238 In this case, the assertion of non-compliance focussed principally on the absence of direct allegations being put to the appellant in the course of cross-examination in respect of particular topics. With the exception of the submissions concerning the scope of the pleaded case (which have been rejected), it was not explained how it was that the appellant was not on notice of the respondents’ case concerning that subject matter in circumstances where detailed pleadings and affidavits (including expert evidence) had been exchanged in advance of the trial. As explained by the primary judge in connection with the appellant’s reasons for downloading information from the VRC (J [221]):
I find on the balance of probabilities that the data was copied onto a USB drive not so that it could be given to Mr Kenny, but rather to facilitate its untraceable removal from the applicants’ premises. While this was not expressly put to Mr Garner to challenge his contrary account as being untrue, it was so clearly a part of the applicants’ case that I do not consider a rote application of the rule in Browne v Dunn (1894) 6 R 67 at 76, so as to produce a rote denial, was required.
239 In respect of the appellant’s explanation as to the source of the information he entered in Hatchbuck, the primary judge (correctly) observed that the appellant’s assertions were generalised and vague, and that the respondents were under no obligation to help him in that regard by seeking clarification in cross-examination: J [267]. The appellant was plainly on notice of the respondents’ case as to the source of that information, and indeed responded to it in the manner of his choosing by way of a table in an affidavit. Considerations of fairness did not require the respondents to put to the appellant that each and every assertion in the table was false.
240 As to the ability of the appellant to remotely access SUGAR, objective evidence of his remote access was contained in the affidavit of Mr O’Kane (provided before the trial) who expressed opinions in respect of it. The respondents’ case concerning the appellant’s proficiency in the use of SUGAR and the likelihood that information had been copied from SUGAR and pasted into a spreadsheet titled “Gary G List” was specifically foreshadowed in the report of Mr O’Kane provided in advance of the trial.

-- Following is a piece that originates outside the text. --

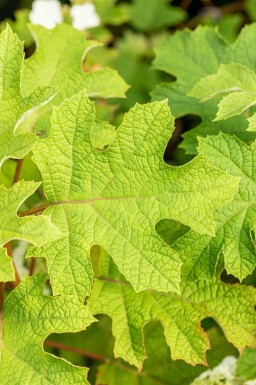 Hydrangea quercifolia 'Ruby Slippers' arbuste 30-40 cm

241 The appellant has not shown that the primary judge erred in failing to find material non-compliance with the rule in Browne v Dunn in respect of any of the subject matters referred to in [1.7] of the Amended Notice of Appeal, giving rise to any substantive unfairness in the conduct of the trial.
Credit generally
242 We reject the contention that the primary judge erred in “finding that evidence given by the Appellant, including where uncontroverted and unchallenged, and further including where also supported by contemporaneous written evidence, could not be accepted, unless corroborated by other witnesses or unless the evidence was against the interest of the Appellant”: Amended Notice of Appeal, [4.2]. As discussed above, it is not correct to characterise the appellant’s evidence as “uncontroverted”. The assessment of credit discussed in the foregoing paragraphs was orthodox and unsurprising. The submissions on this topic did not address the detailed reasons given by the primary judge for making the assessment that he did.
243 Grounds 3 and 4 must fail.
Ground 5
244 This ground is expressed as follows:
5 Erroneous assessment of alleged loss or damage
5.1 The learned primary judge erred ([347] and [350] of the Reasons) in accepting that the thirty-seven (37) customers in relation to whom the Respondents make allegations of loss and damage, sounded in damages calculated on the full price claimed by the Respondents.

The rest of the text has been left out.